Children’s services publication statement 27 April 2021

Date of publication:

The Health Information and Quality Authority (HIQA) has published an inspection report on the foster care and child protection and welfare services operated by the Child and Family Agency (Tusla) in the Dublin South West, Kildare, West Wicklow service area.

HIQA conducted a risk-based inspection of the Dublin South West, Kildare, West Wicklow service area, located in Tusla’s Dublin Mid Leinster region, between 7 to 11 December 2020. A total of 10 standards were examined to assess progress in addressing the risks to children across both the foster care and child protection and welfare services. Of the nine child protection and welfare standards assessed, one standard was compliant, two standards were substantially compliant, four standards were moderate non-compliant, and two standards were major non-compliant. The one foster care standard assessed was found to be major non-compliant. 

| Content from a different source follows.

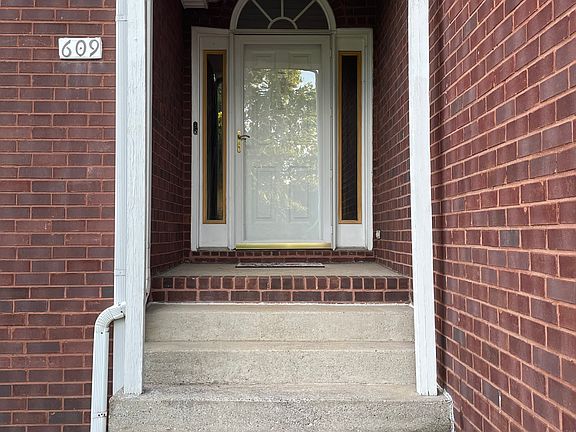 2nd image of 609 Glenties Dr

The service area submitted a compliance plan which outlined plans to address the risks. The inspection report and compliance plan can be found at www.hiqa.ie. The compliance plan will continue to be monitored as part of HIQA’s ongoing regulatory activity. More detail on the findings is outlined below.

Child protection and welfare

Management systems in place to review and monitor the standards of service provision in relation to cases awaiting allocation required improvement. Standard operating procedures to manage unallocated cases were not consistently implemented. This lack of consistent management oversight meant that the area could not be assured that children were receiving a timely service that was appropriate to their needs. Reviews of cases on waiting lists did not result in cases being appropriately prioritised for allocation, despite significant indicators of cumulative harm in some of the cases reviewed. The review information included on the file did not provide a specific analysis or rationale for the decisions made in relation to each case, nor did it outline what action was to be taken in each case. 

Data management practices in relation to some children’s files were poor, and relevant documents, such as case notes, had not been uploaded or completed. This impacted on the ability of managers to review casework and review all relevant information for children who were on the waiting list for child protection and welfare services.

Further improvements were required in the timeliness and quality of screening and preliminary enquiry in the service area. All concerns in relation to children were screened and directed to the appropriate service. The majority of referrals were classified appropriately. While significant improvement had been made to meet the time frames for screening and preliminary enquiries, further work was required to ensure consistency, and adhere to Tusla’s own standard business processes. The area had made improvements in the completion of notifications to An Garda Síochána. 

The quality of safety plans was inconsistent and the process for monitoring, reviewing and updating safety plans in the area required further improvement. There was no clear system in place to ensure that safety plans were being implemented by families, or to ensure that safety plans had been updated to take account of changes in family situations. 

Initial assessments completed by the service were of good quality, and children were met with and observed as part of the assessment process. There was good quality analysis of children’s needs, and the strengths and risks that existed within their network. However, they were not completed in a timely manner. 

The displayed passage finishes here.